IG — When writing my book I was interested in theorising the relationship between art and the market; I was less interested in telling the story of how it feels to be an artist under changed economic conditions. Nevertheless, it is often read as if it offered a way out or possible plans for actions. While I would admit that the empirical changes I describe are particular and based on observations that I made in places like New York, London or Berlin, I would hope that its theoretical propositions hold up and have a more ‘universal’ resonance.

LL — When reading High Price I was reminded of attending the 2010 Melbourne Art Fair and seeing the kinds of overlap between the knowledge market (public institutions, publications, biennales and Documenta) and the commercial art market (commercial galleries and auction houses) taking place within the art fair. The Melbourne Art Foundation (the not-for-profit arm of the Melbourne Art Fair) had invited independent and experimental spaces to exhibit in the Fair’s project rooms. These included publicly funded galleries Gertrude Contemporary and Campbelltown Arts Centre, and artist-run space TCB art inc. Could you speak a little more about the increased blurring of these two markets and the implications of this?

IG — I think that there are two things happening at the same time: while the commercial art market needs to integrate the knowledge market in order to create symbolic meaning and thereby a foundation for economic value, it also can do without intellectuals or alternative spaces on many occasions. The examples you have mentioned are indicative of the first development: art fairs trying to make sure that discussion happens and that new spaces (they have to be regarded as ‘hip’ though) are represented. This doesn’t mean though that all independent and experimental spaces can count on getting an offer to participate in an art fair — there needs to be a general agreement among the jury that the space is culturally relevant. While some are included, most remain excluded. I have recently participated in several events — such as gallery dinners organised by economically powerful galleries — where I noted a total absence of theorists and intellectuals, let alone representatives of self-organised spaces. This is true for the auction sphere as well — which I would describe as a zone free of intellectuals, apart from the in-house art historians and old-school connoisseurs.

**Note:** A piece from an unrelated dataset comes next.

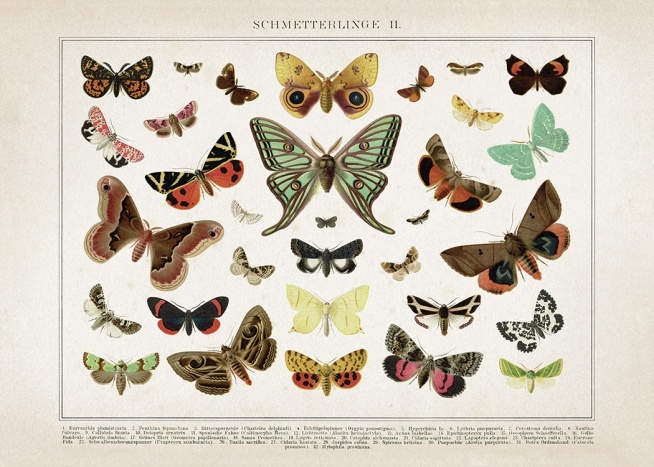 Vintage Butterflies No2 Affiche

LL — Your book describes reflexive work of artists such as Andrea Fraser in which she takes up the conditions of the market in order to critique them. The work of Tino Seghal has taken much from Fraser’s practice, how would you describe and place Seghal’s form of market and institutional critique?

IGHigh Price offers some examples of what I call ‘market reflexive gestures’. It doesn’t claim to be complete in this respect — many other artists would have deserved to be mentioned as well, but I had to opt for a restricted number of case studies. This said, Andrea Fraser happens to be one of my favourite artists! In contrast to Tino Sehgal, she takes it upon herself to reflect the conditions of a market that wants all of us — body and soul. Tino Sehgal has used other people — museum guards, actors, dancers — who act out his program. When I have watched his performances — which are not dematerialised as often claimed because bodies consist of matter as well — I can’t help but think that they happen at the expense of others. It is his actors who get exposed and made vulnerable, not him. Furthermore, while you can’t purchase a material object, you can sign a contract and thereby acquire the right to re-enact and exhibit these performances. This means that collectors are granted an artistic authority, which is more than they could hope for. When re-enacting these performances, the collector also gains direct access to Sehgal’s actors, their bodies and their affects — a kind of bio-political dream. In short, what is seemingly withheld turns out to be the currency most desired in our new economy.

Liang Luscombe is a Melbourne-based artist and writer, and Sub-editor of un Magazine, volume 6.